Willie Watson – Tickets – Doug Fir Lounge – Portland, OR – September 17th, 2017

Willie Watson

Folk singer with an old soul

Willie Watson

Bedouine

September, 17th, 2017

Doors: 8:00 pm / Show: 9:00 pm

$20.00 - $23.00

This event is 21 and over

Willie Watson
Willie Watson
Acony Records proudly presents Folksinger Vol. 2, the highly anticipated second solo album from folk artist Willie Watson. Produced by David Rawlings and recorded on analog tape at Woodland Sound Studios in Nashville, Tennessee, the album features eleven songs unearthed from the canon of American folk music and brought to light by Willie’s remarkable voice and wise beyond his years performances. Special guest appearances by the Fairfield Four, Gillian Welch, Morgan Jahnig and Paul Kowert round out the arrangements on this stunning sophomore collection.
Bedouine
Bedouine
Like her name implies, Bedouine's music has a nomadic heart. Sweeping, hypnotic. Esoteric yet familiar. It is untethered to place because its home is everywhere.

Bedouine's sound is for the modern cyber gypsy, dipping a curious toe in the swaying Mediterranean before caravaning for weeks across the deserts of the Middle East, and finally catching a redeye back to L.A. for a pre-dawn Southern California stroll.

"It's in my roots," Bedouine says over a tenuous Skype connection from Saudi Arabia. "I love exploring different places and sounds. My childhood was this amalgamation of different cultures, so I've never really belonged to a particular place. But being nomadic can be a beautiful thing if you're accepting of it -- not knowing exactly what you're doing or where you're going, but with conviction. Being experimental, even with your intentions."

An outsider and an introvert, Bedouine prefers anonymity but loves making music enough to share hers with anyone willing to listen -- even if it means confronting her fears. An aversion to the spotlight led her away from the stage for several years, where she worked from the shadows, composing music for independent films and art installations until something unexpected happened -- she wound up in Los Angeles and experienced the opposite of the cliché.

"The joy I get from making music has nothing to do with any kind of recognition," Bedouine says, "so when I moved to L.A., I had no intention of pursuing music as a career.

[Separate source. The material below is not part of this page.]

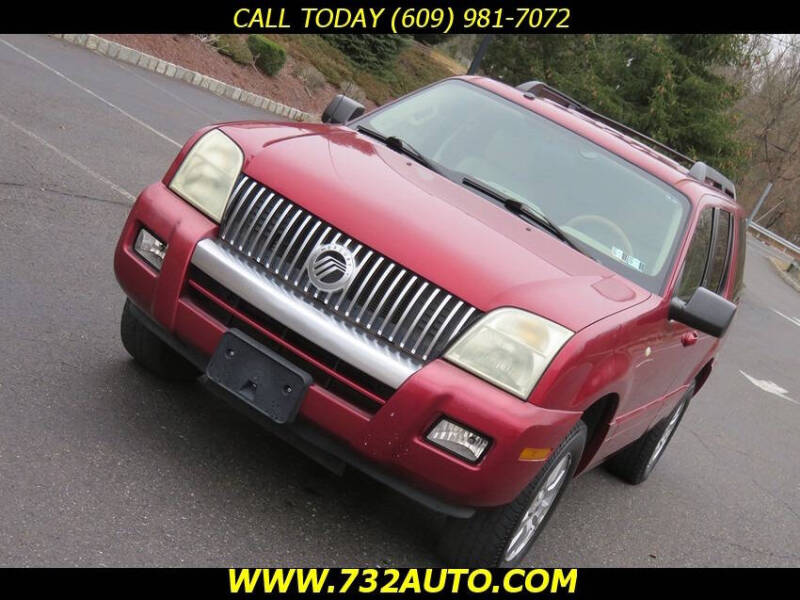 2006 Mercury Mountaineer Convenience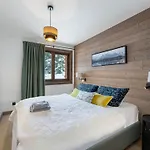 Appartement Neuf Avec Terrasse, 2 Chambres Pres Des Pistes, Sauna, Hammam, Salle De Sport, Parking - Fr-1-569-57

But then I started meeting so many inspiring people -- talented musicians who were living these double lives, going out on the road with successful bands and playing stadiums, and then coming home to this amazing scene and playing all these great little clubs and bars. It made the idea of starting over with my music less intimidating, and it made me more comfortable with the idea of performing. L.A. actually made me less jaded."

She soon fell in with the tight-knit community of performers in her Echo Park neighborhood, spending nights trading songs and listening to records with some of L.A.'s best underground artists. "One of my favorite ways to hang out with people," Bedouine says, "is to take turns listening to each other's music, bouncing ideas back and forth."

It was on just such a night that she met collaborator Jake Blanton (The Killers, Father John Misty, Jenny O.), with whom she would record the songs for her new self-titled EP.

The two co-wrote "The City," and put together a short yet memorable set of songs propelled by insistent, mesmerizing beats, and anchored by chiming guitar, daydreamy piano and above all, Bedouine's unforgettable voice. Impressionistic, her languid vocals swirl into the ether, another color in the palette, another instrument in the band. Her words roll soft off the tongue, careful brushstrokes, oil paint swept across a canvas. The music is beautiful and striking, always revelling quietly in its search for some enigmatic unknown just out of reach. There is no ego here, no filter between Bedouine's heart and her songs.